A good deal has been written about the rudeness with which Knox assailed Mary in public and in private, and his conversations with her are continually referred to but seldom quoted in full. It is forgotten that it was Mary who wished to try her gifts of fascination on the preacher, just as Catherine de' Medici tried to charm de Bèze before Poissy; that Knox never sought an interview; that he never approached the Court unless he was summoned by the sovereign to her presence; that he was deferential as a subject should be; and it was only when he was compelled by Mary herself to speak on themes for which he was ready to lay down his life that he displayed a sternness which monarchs seldom experience in those to whom they give audience. What makes these interviews stand forth in history is that they exhibit the first clash of autocratic kingship and the hitherto unknown power of the people. It was an age in which sovereigns were everywhere gaining despotic power, when the might of feudal barons was being broken, when the commonalty was dumb. A young Queen, whose training from childhood had stamped indelibly on her character that kingship meant the possession of unlimited autocratic privileges before which everything must give way, who had seen that none in France had dared dispute the will of her sickly, dull boy-husband simply because he was King, was suddenly confronted by something above and beyond her comprehension:

"'What have ye to do,' said sche, 'with my marriage? Or what ar ye within this Commounwealth?' '_A subject borne within the same_,' said he, 'Madam. And albeit I neather be Erle, Lord, nor Barroun within it, yitt hes God maid me (how abject that ever I be in your eyes) a profitable member within the same.'"[362]
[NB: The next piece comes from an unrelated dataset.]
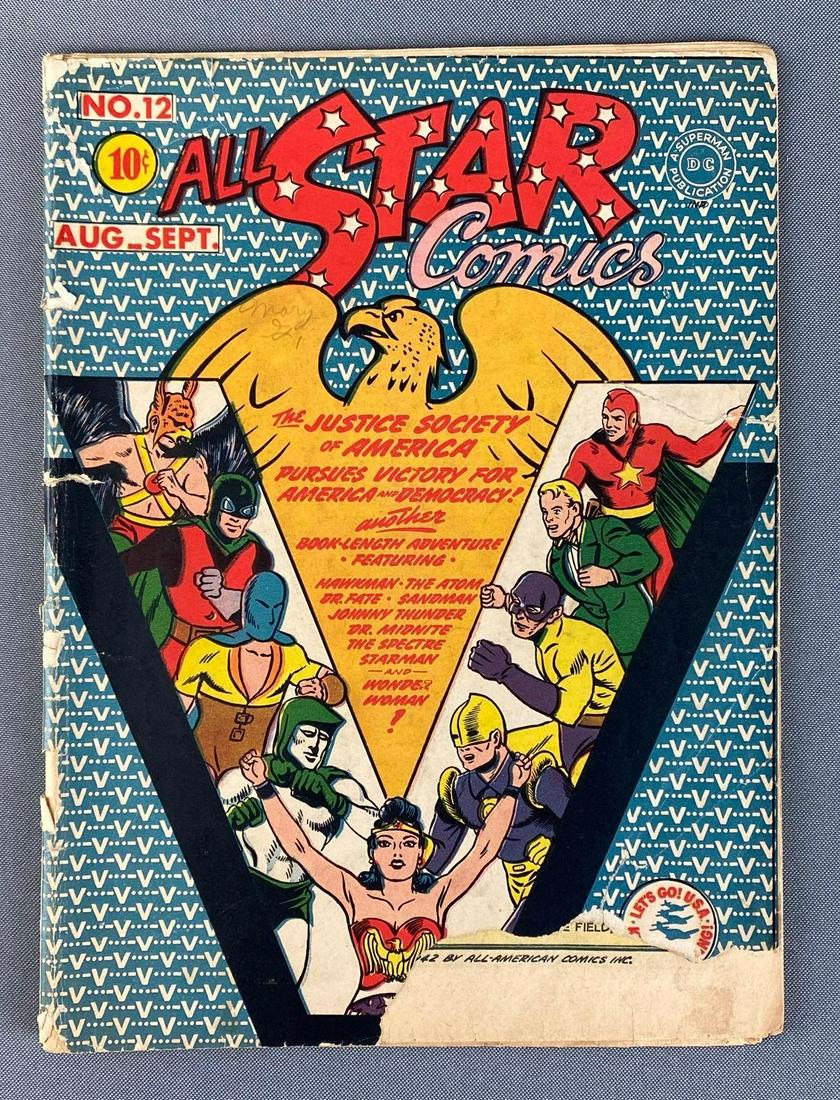 DC All Star Comics No. 12 (1 of 8)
Modern democracy came into being in that answer. It is curious to see how this conflict between autocratic power and the civil and religious rights of the people runs through all the interviews between Mary and Knox, and was, in truth, the question of questions between them.[363]

It is unnecessary to tell the story of the seven years of struggle between 1560 and 1567. In the end, Mary was imprisoned in Lochleven Castle, deposed, and her infant son, James VI., was placed on the throne. Lord James Stewart, Earl of Moray, was made Regent. The Estates or Parliament again voted the Confession of Faith, and engrossed it in their Acts. The Regent, acting for the sovereign, signed the Acts. The Confession thus became part of the law of the land, and the Reformed Church was legally recognised in Scotland.